### Prompt
In the records below, the relevant part opens with the line containing "木下望のインスタグラム：「・ ・ 今年もたくさん浴衣着れて嬉しかったです🥰👘🎀」" and closes with the line containing "Begagnad Bentley Continental"; print that part exactly and only, without its pictures.

### The input

————

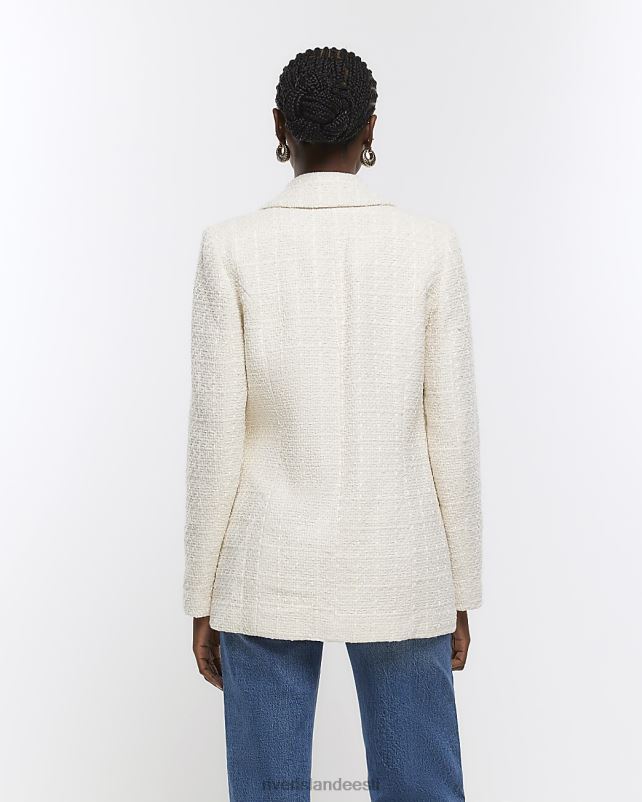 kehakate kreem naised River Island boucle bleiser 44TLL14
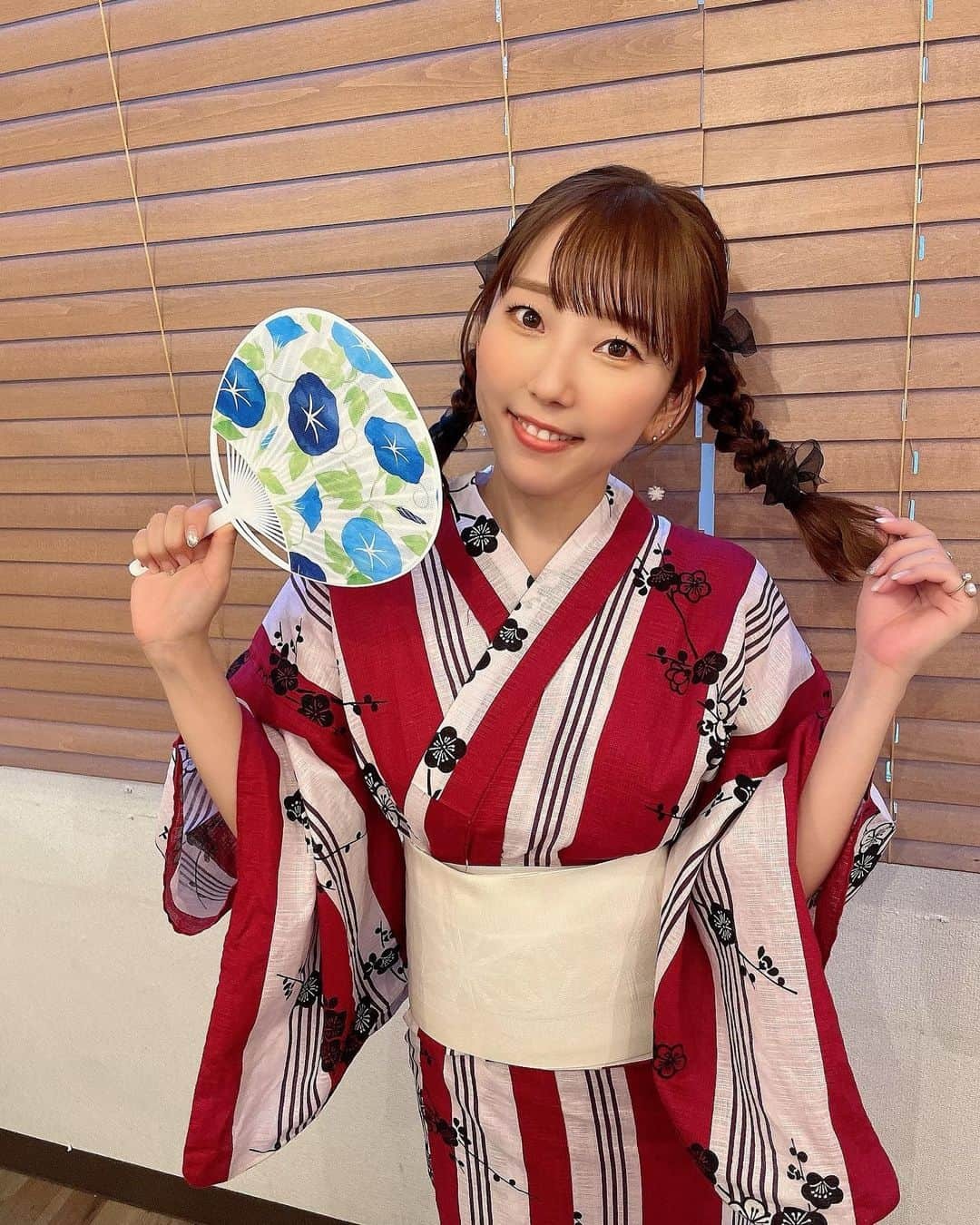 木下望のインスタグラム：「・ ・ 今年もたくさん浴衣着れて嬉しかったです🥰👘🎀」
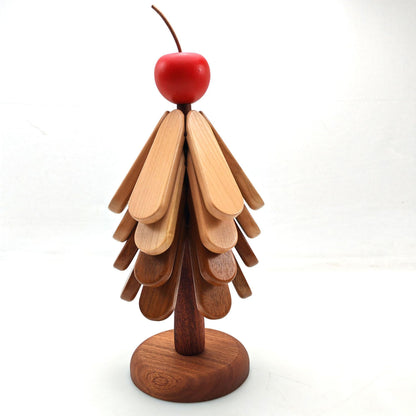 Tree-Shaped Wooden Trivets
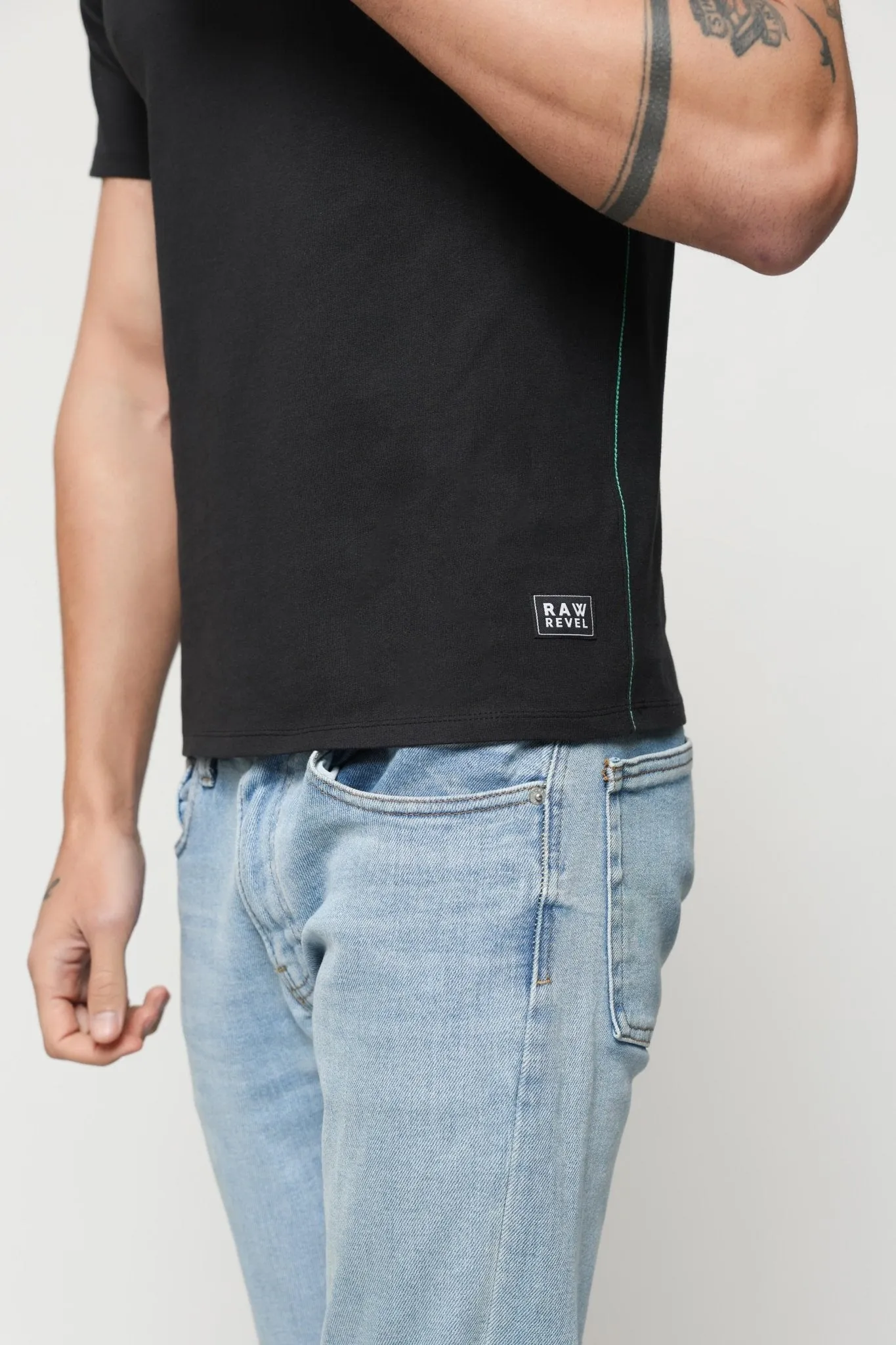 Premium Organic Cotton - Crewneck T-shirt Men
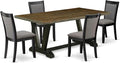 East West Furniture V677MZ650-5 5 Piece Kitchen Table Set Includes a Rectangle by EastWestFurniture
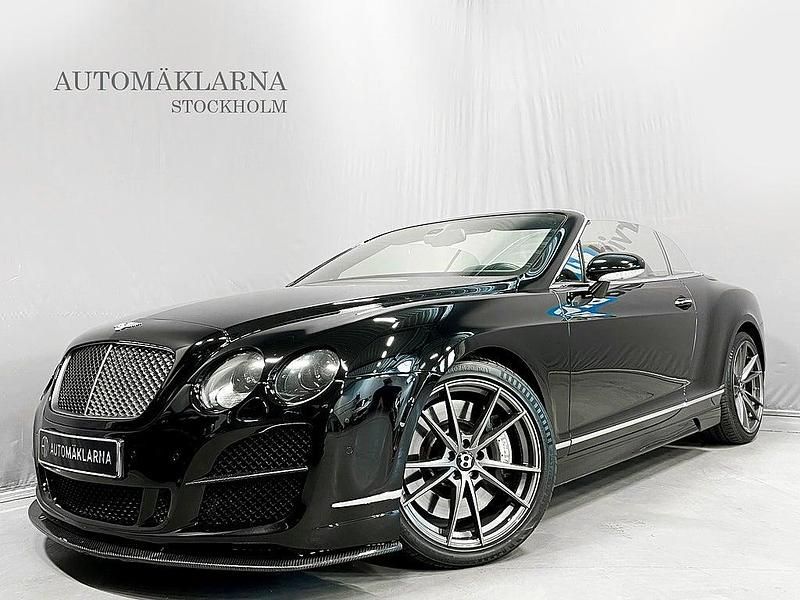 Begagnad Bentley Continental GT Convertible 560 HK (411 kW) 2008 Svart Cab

————

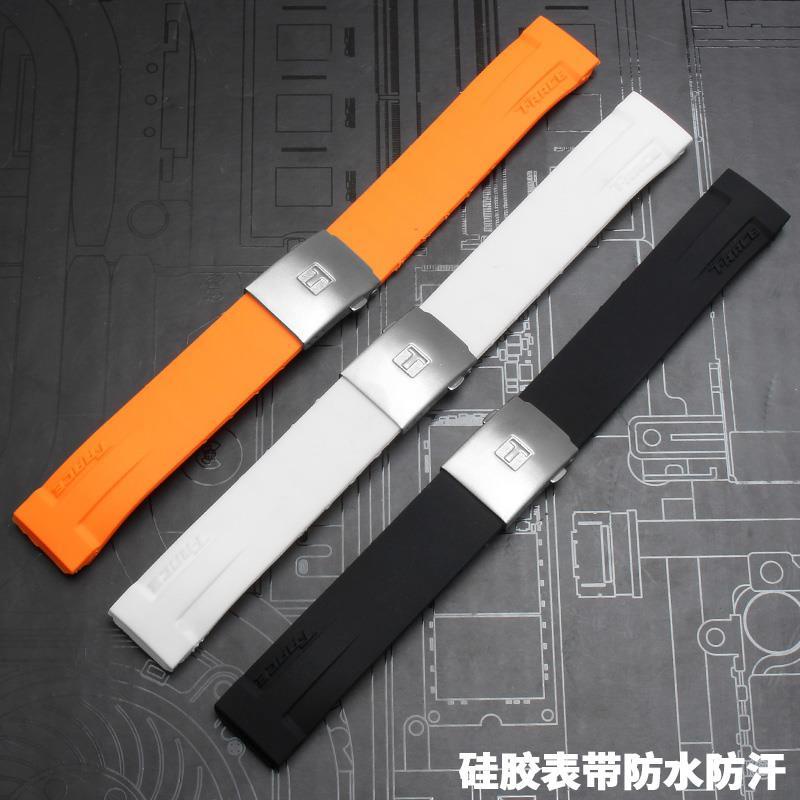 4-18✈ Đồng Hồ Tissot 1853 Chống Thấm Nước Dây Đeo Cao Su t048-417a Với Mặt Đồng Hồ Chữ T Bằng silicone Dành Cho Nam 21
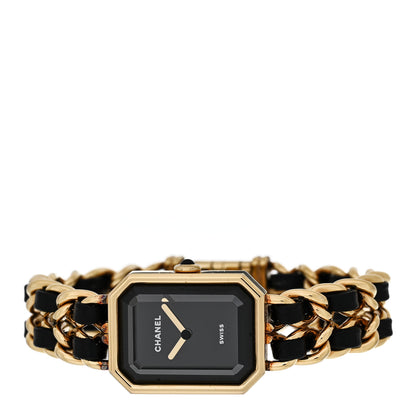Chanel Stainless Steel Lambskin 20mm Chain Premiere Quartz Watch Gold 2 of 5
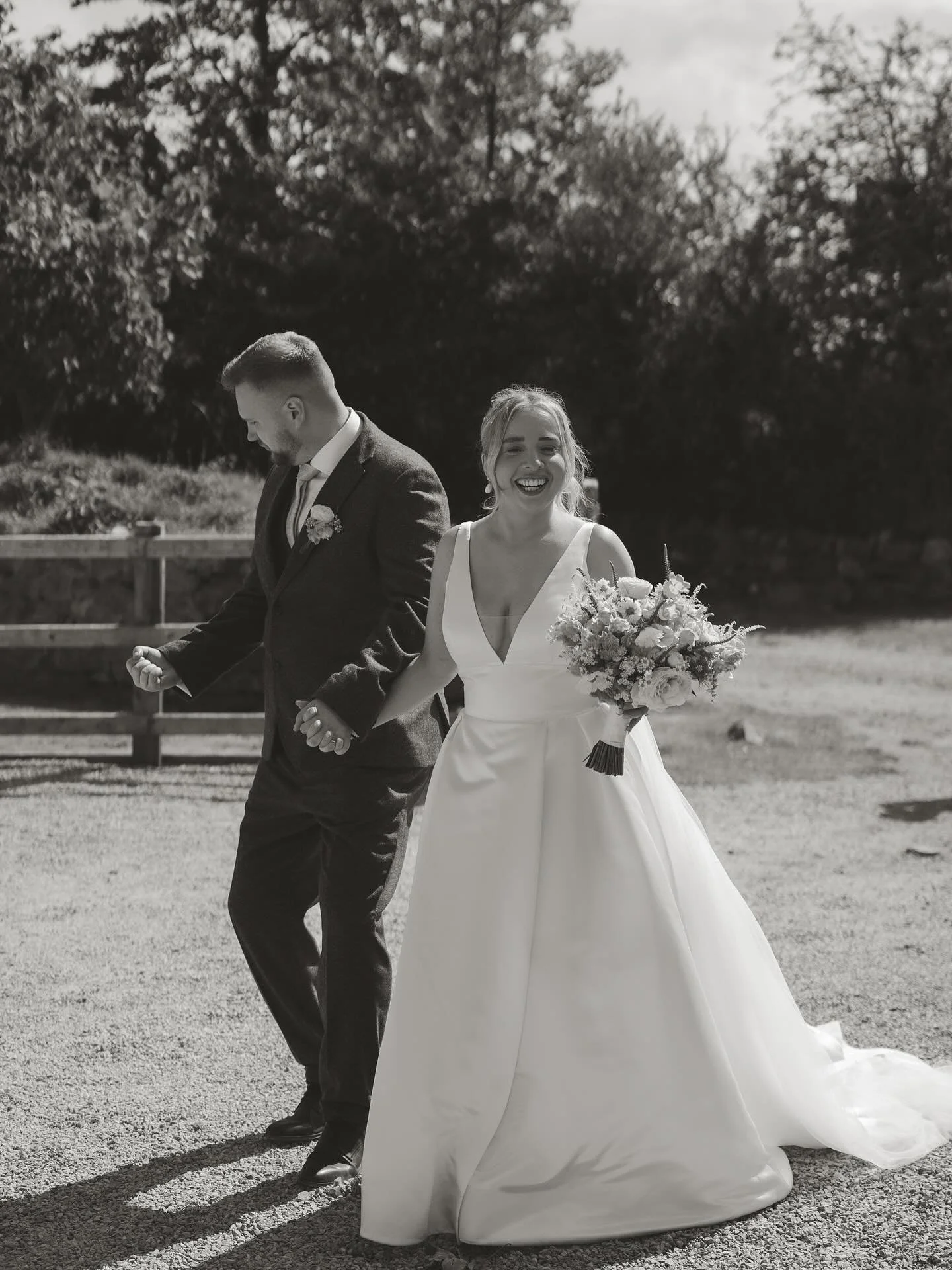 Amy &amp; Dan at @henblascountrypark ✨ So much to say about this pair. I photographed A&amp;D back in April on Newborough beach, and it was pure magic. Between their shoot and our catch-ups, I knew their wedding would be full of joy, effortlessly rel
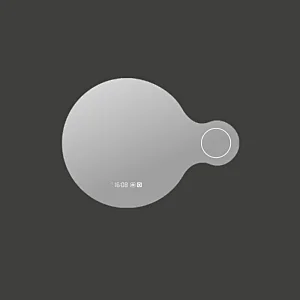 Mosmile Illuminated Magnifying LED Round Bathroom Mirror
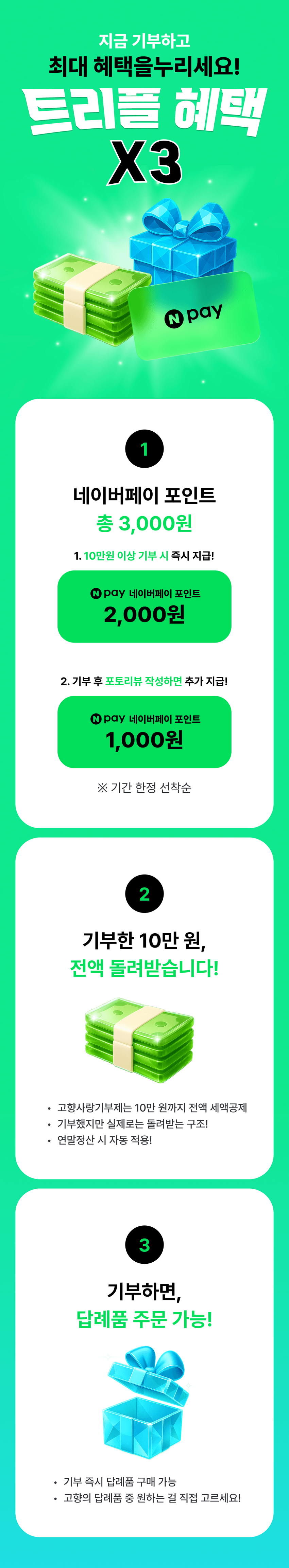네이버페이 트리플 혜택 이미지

————

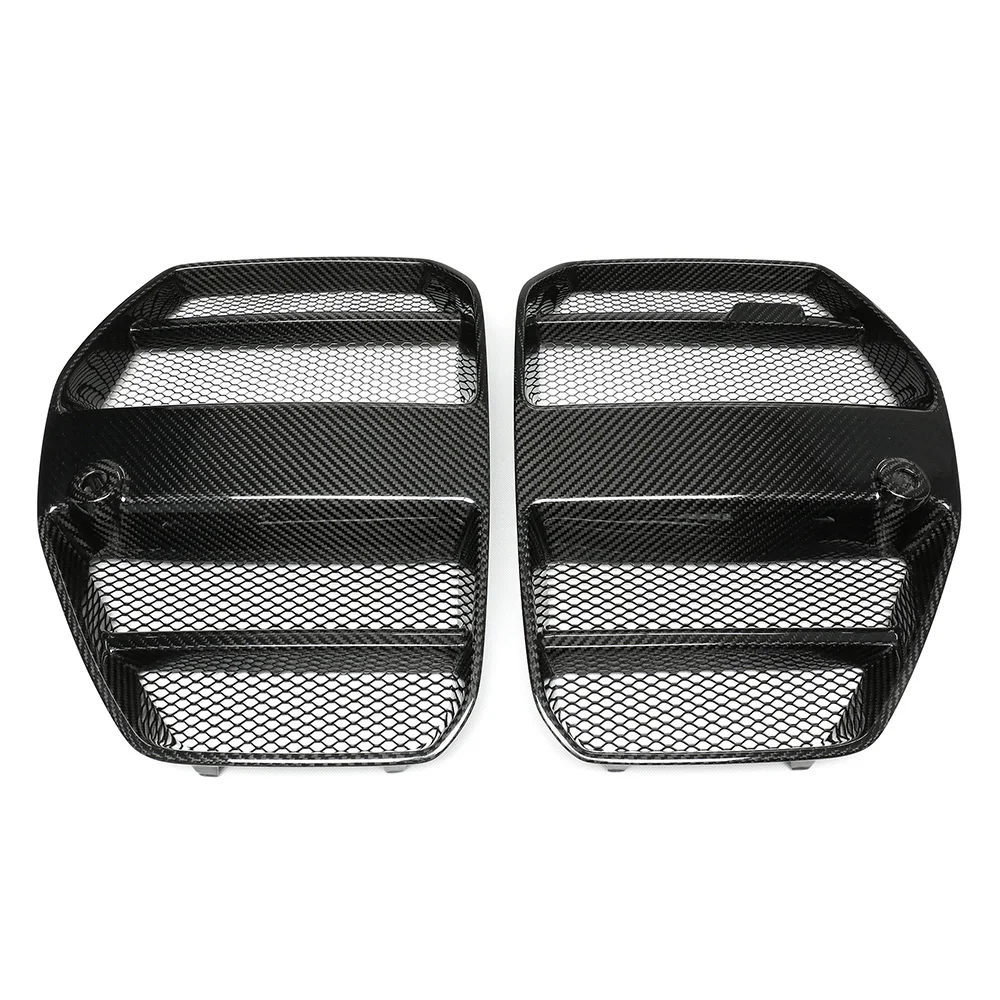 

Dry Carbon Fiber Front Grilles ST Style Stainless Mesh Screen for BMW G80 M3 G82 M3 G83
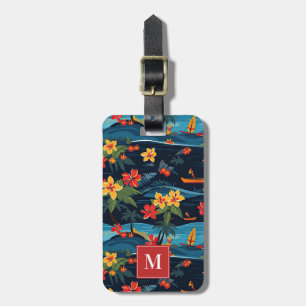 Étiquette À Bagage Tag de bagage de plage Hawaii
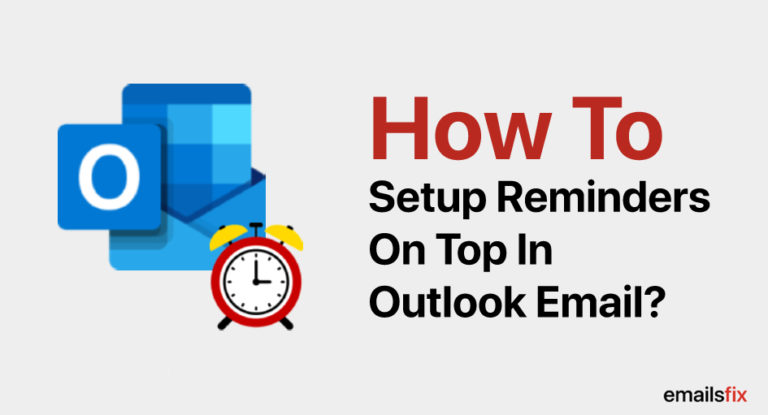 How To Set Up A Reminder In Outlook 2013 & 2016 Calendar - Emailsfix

————

### Task answer
 木下望のインスタグラム：「・ ・ 今年もたくさん浴衣着れて嬉しかったです🥰👘🎀」
 Tree-Shaped Wooden Trivets
 Premium Organic Cotton - Crewneck T-shirt Men
 East West Furniture V677MZ650-5 5 Piece Kitchen Table Set Includes a Rectangle by EastWestFurniture
 Begagnad Bentley Continental GT Convertible 560 HK (411 kW) 2008 Svart Cab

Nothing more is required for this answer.